### GIVEN DATA:
++++++++++++++++++++

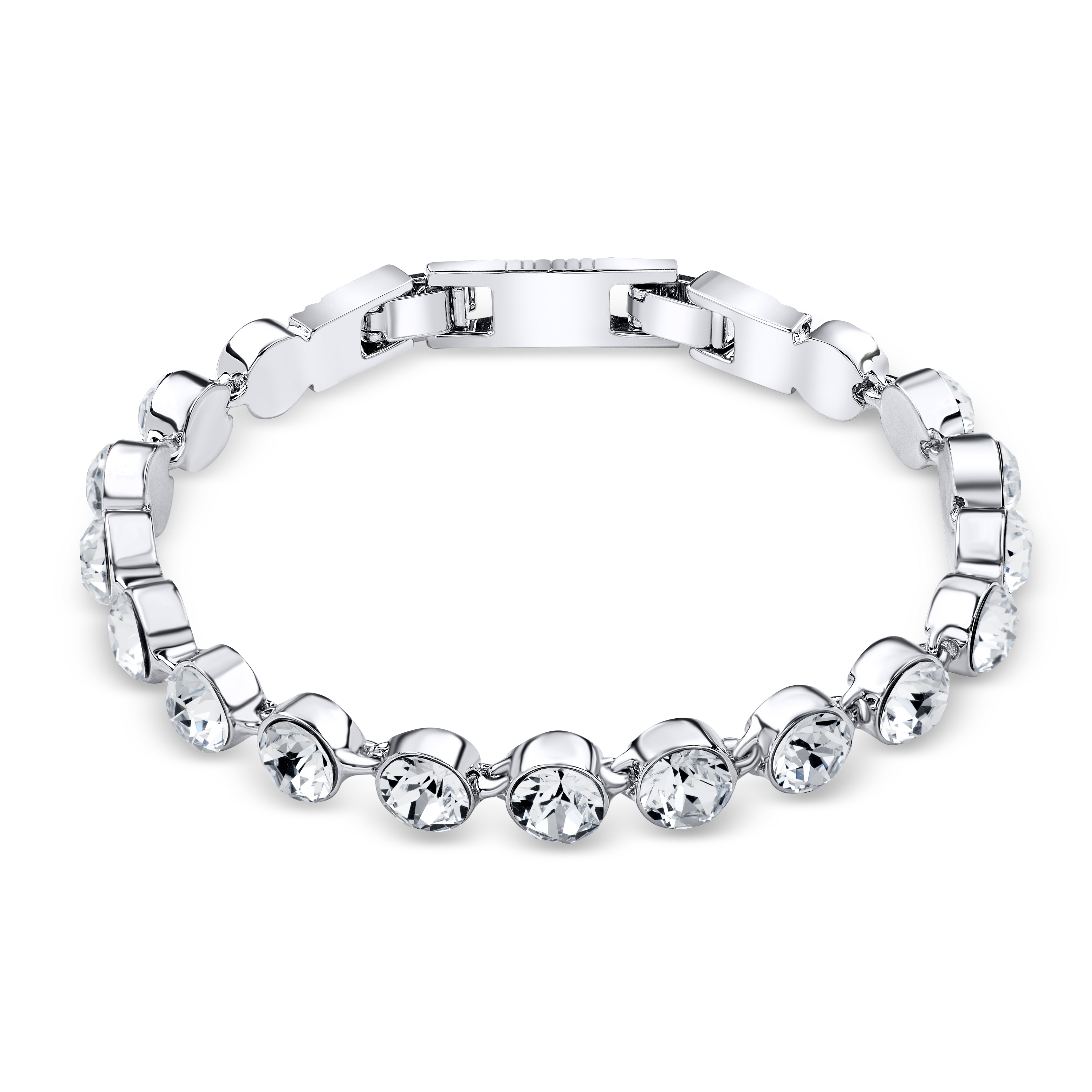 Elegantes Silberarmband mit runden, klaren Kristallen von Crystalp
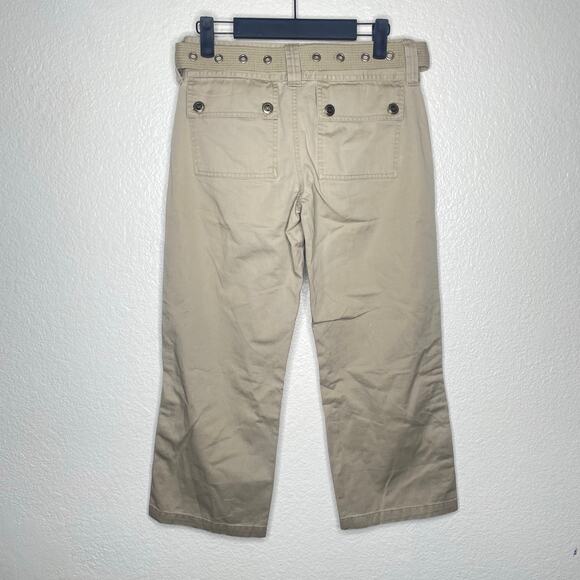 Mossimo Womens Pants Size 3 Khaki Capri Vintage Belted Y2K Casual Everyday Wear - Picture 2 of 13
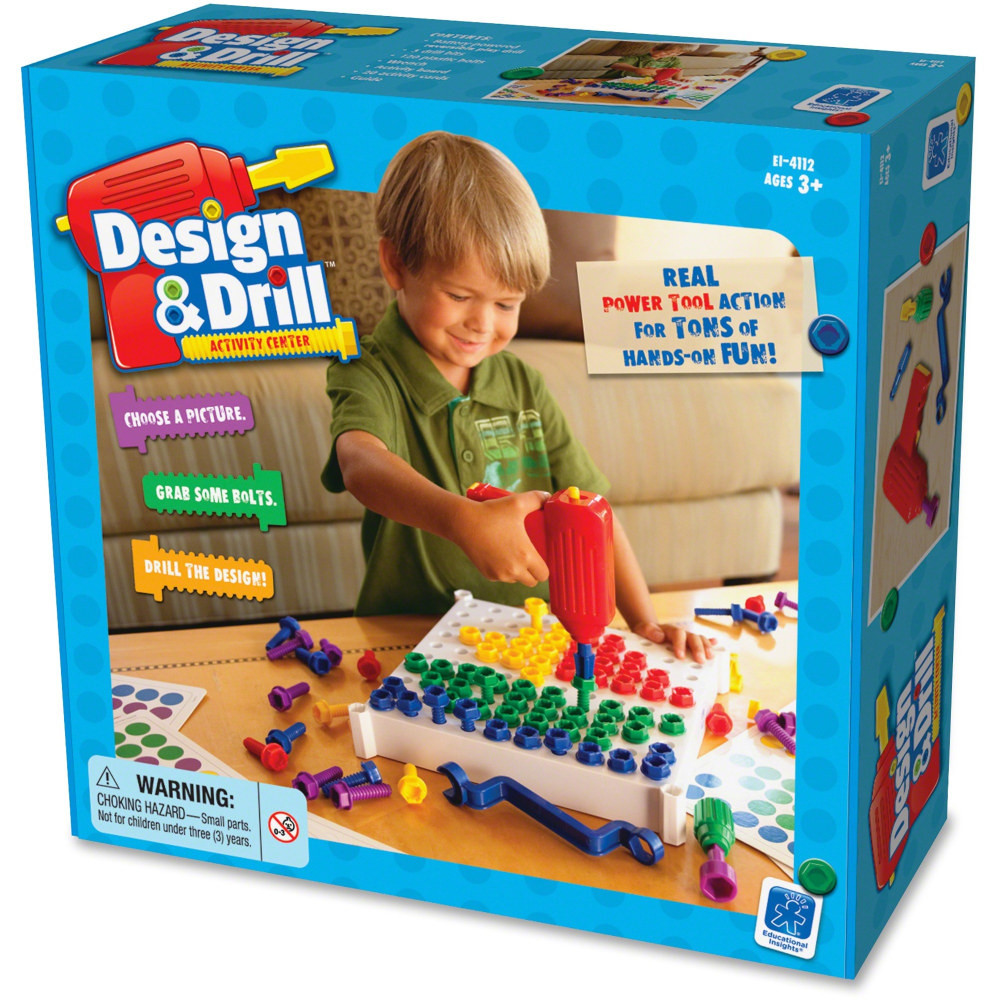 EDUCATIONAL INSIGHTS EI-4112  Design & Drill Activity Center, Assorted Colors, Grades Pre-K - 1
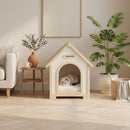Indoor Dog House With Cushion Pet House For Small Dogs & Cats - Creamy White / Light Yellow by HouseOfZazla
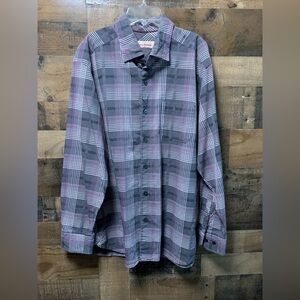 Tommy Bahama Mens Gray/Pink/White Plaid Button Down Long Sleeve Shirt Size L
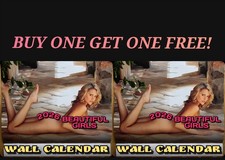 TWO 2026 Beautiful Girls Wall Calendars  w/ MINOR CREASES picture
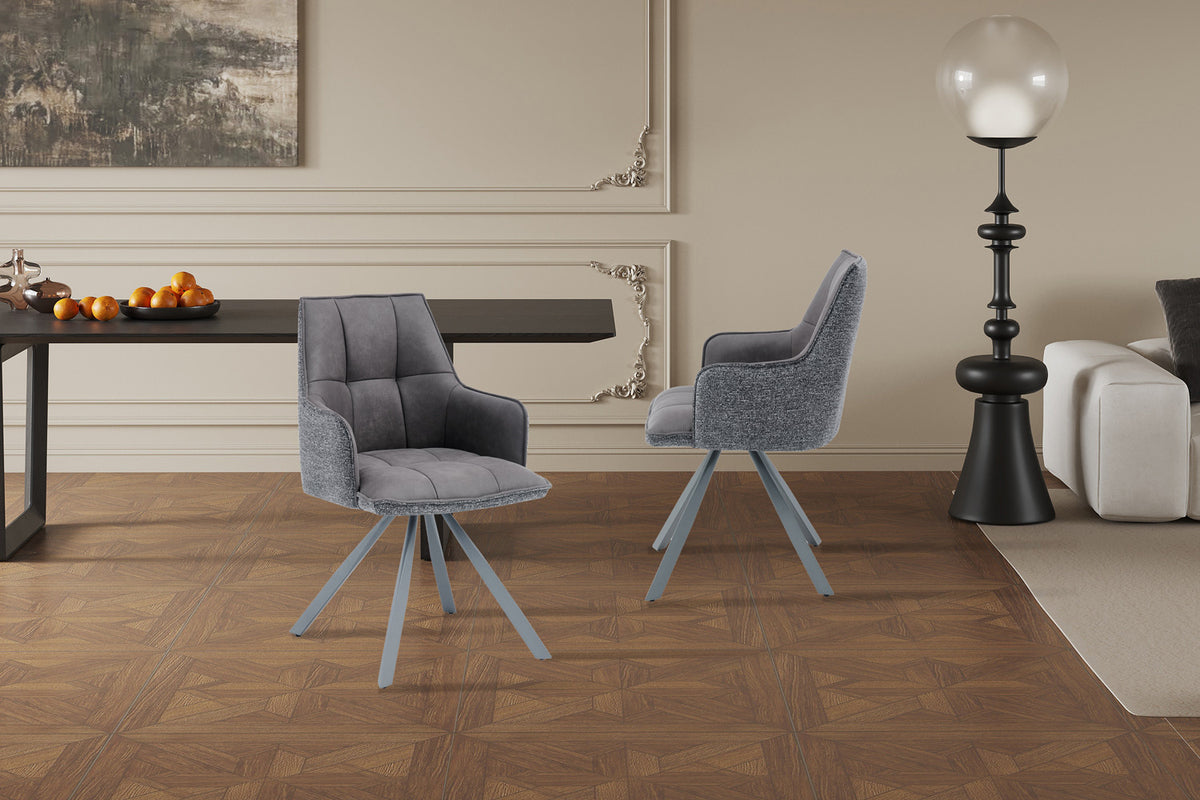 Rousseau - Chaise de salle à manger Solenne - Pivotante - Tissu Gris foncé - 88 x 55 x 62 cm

++++++++++++++++++++

### PROBLEM STATEMENT:
Nothing but the lines from the one holding "EDUCATIONAL INSIGHTS EI-4112" through the final line of the records above belongs in the answer, each retyped exactly; omit the pictures.

### TASK SOLUTION:
 EDUCATIONAL INSIGHTS EI-4112  Design & Drill Activity Center, Assorted Colors, Grades Pre-K - 1
Indoor Dog House With Cushion Pet House For Small Dogs & Cats - Creamy White / Light Yellow by HouseOfZazla
 Tommy Bahama Mens Gray/Pink/White Plaid Button Down Long Sleeve Shirt Size L
 TWO 2026 Beautiful Girls Wall Calendars  w/ MINOR CREASES picture
 Rousseau - Chaise de salle à manger Solenne - Pivotante - Tissu Gris foncé - 88 x 55 x 62 cm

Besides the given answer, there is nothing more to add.